Abendliche Dunkelheit rückt näher, während wir noch immer im Büro sitzen und still vor uns hin grübeln. Die zweite Flasche Wein neigt sich bereits ihrem Ende entgegen, auf dem Konferenztisch verteilt liegen jede Menge Zettel mit Brainstorming-Wolken und Listen, über den Bildschirm flackern Fotos.
“Ich mag einfach keine englischen Titel”, murrt Julia.
“Das wäre aber viel besser, damit man weiß, dass das Buch ein Folgeband von KEEP ON DREAMING ist”, erklärt Jenny zum wiederholten Mal. “Irgendwas mit Stille wäre gut.”
Kira betrachtet eine Liste mit Songtiteln, die sich alle auf Ruhe und Schweigen beziehen, aber keiner passt wirklich. “Was haltet ihr von diesem Foto als Cover?” Auf einmal ist da etwas in Julias Stimme, eine Aufregung, die sich immer ihrer bemächtigt, wenn sie etwas Besonderem auf der Spur ist.
“JAAA!” Vor Begeisterung pfeffert Franzi die Keksdose auf den Boden. “DAS ist es.

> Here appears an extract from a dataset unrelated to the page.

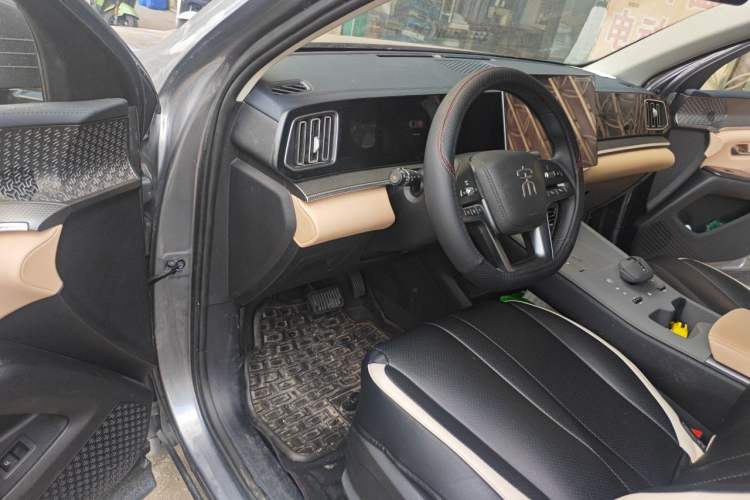 Used BYD Song Pro New Energy 2025 Second-Generation Intelligent Driving Version DM-i 115KM Excellence Edition Driver Seat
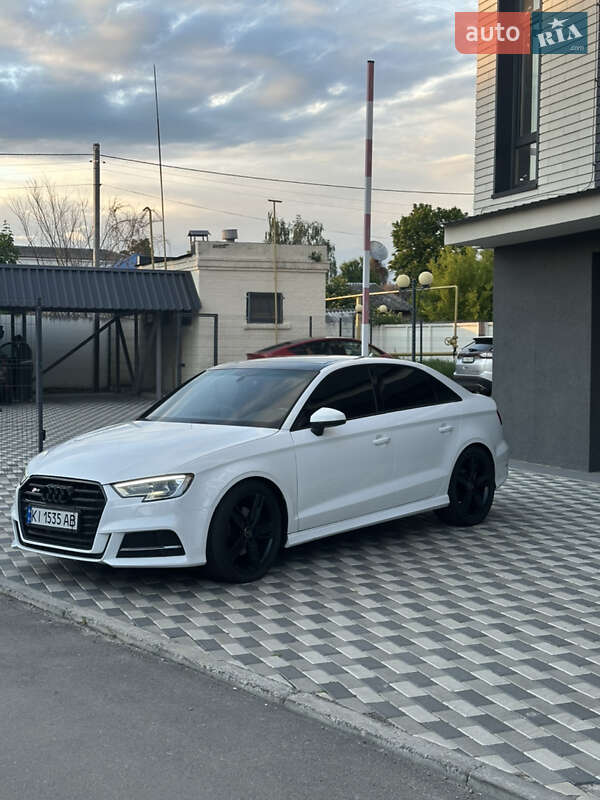 Седан Audi A3 2016 в Белой Церкви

Wenn du es nicht willst, nehme ich es, Kira. Ich schreib dann einfach ein Buch dafür.”
“Mh, ich weiss nicht ….” Noch scheint Kira nicht hundertprozentig überzeugt zu sein.
“Das ist toll!” Geduldig hebt Daniela die Keksdose auf. “Das sieht echt schön aus.”

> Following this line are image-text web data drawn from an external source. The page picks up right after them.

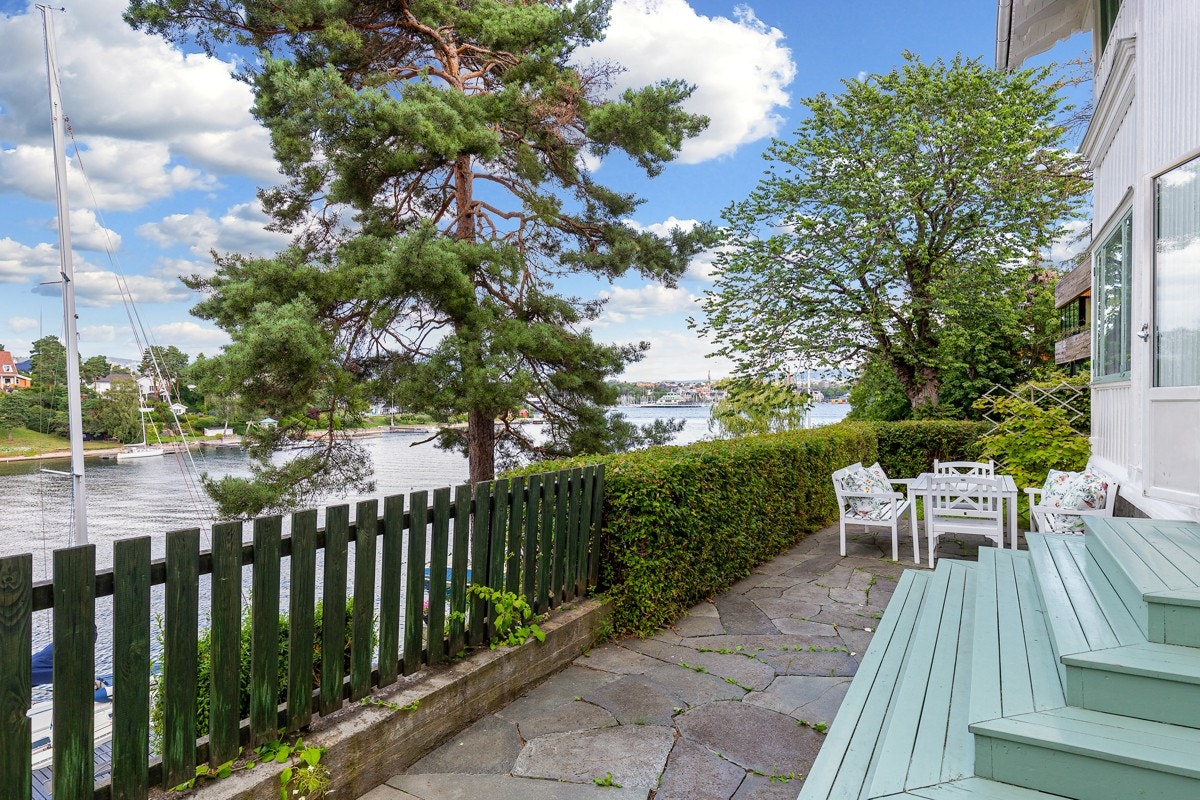 Fra stuen i første etasje er det utgang til glassveranda på ca. 19 kvm og med trapp ut til terrasse. Galleribilde
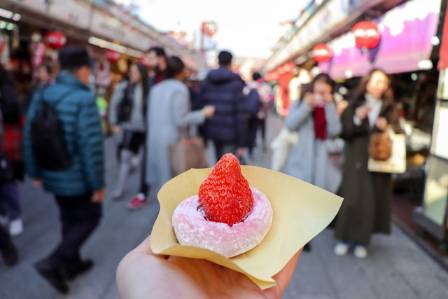 Simple Homemade Strawberry Daifuku: A Guide to the Perfect Japanese Treat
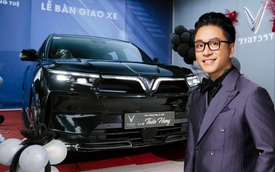 Tuấn Hưng chốt thêm VinFast VF 9 thứ 2 với màu tương phản chiếc đầu được vợ tặng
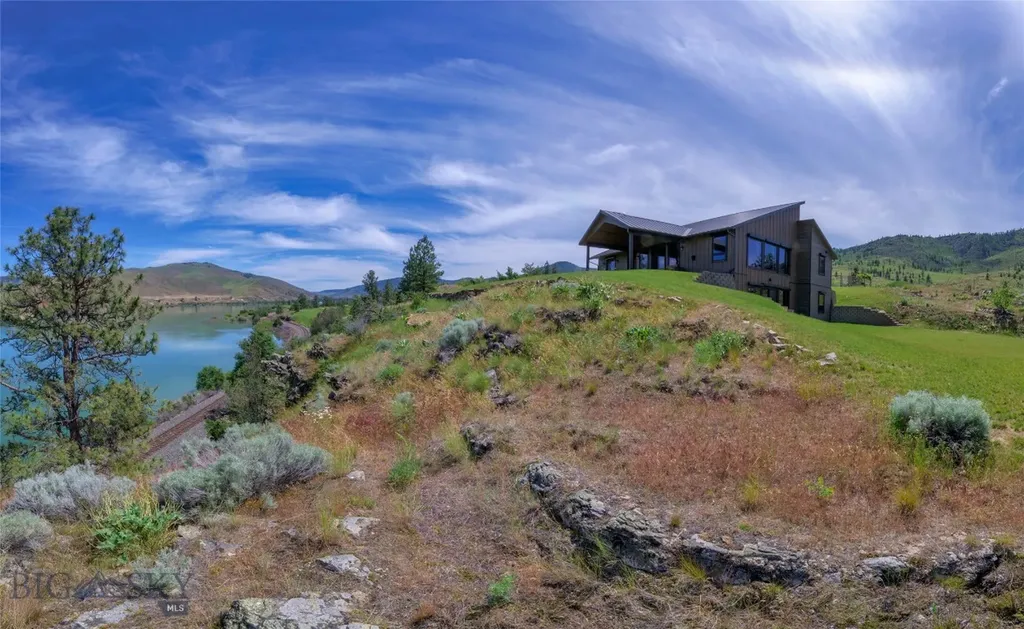 9701 Mt Highway 200 Dixon MT 59831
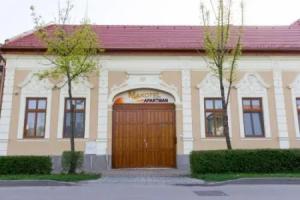 Makotel Apartmanház, Мако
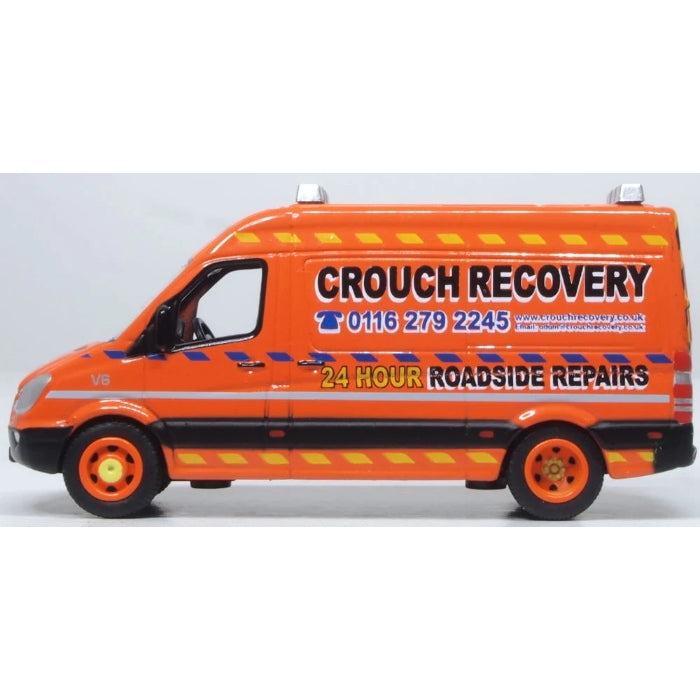 1/76 Mercedes Sprinter Van Crouch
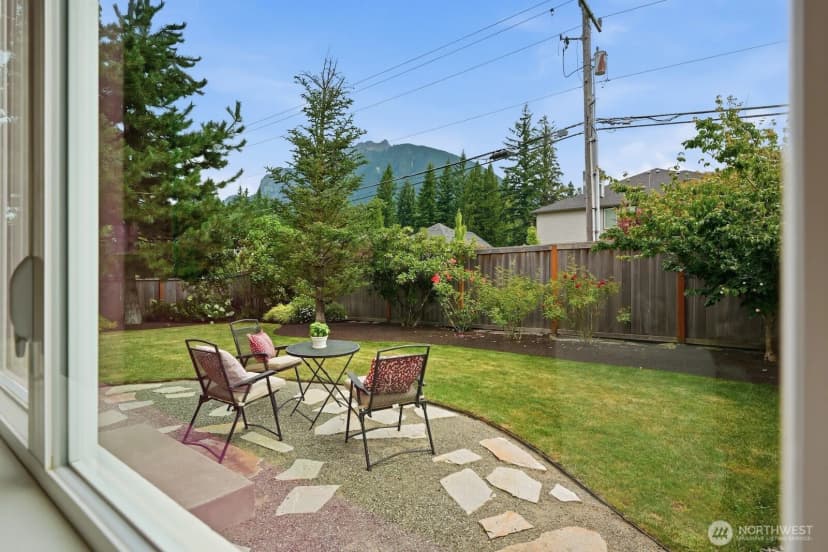 Property photo for 890 Se 10th Street, North Bend photo 33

“Na gut.” Kira betrachtet das Foto grübelnd. “Wie wäre es mit ME, WITHOUT WORDS?”
“Das ist … gut”, sagt Jenny. “Passt zum Buch.”
Wir nicken alle, und dann schweigen wir. Lediglich leises Keksknuspern und das Klackern der Maus und der Tastatur sind zu hören, während Julia an dem Foto herumbastelt und ab und zu verstohlen murmelt: “Aber muss es denn englisch sein?”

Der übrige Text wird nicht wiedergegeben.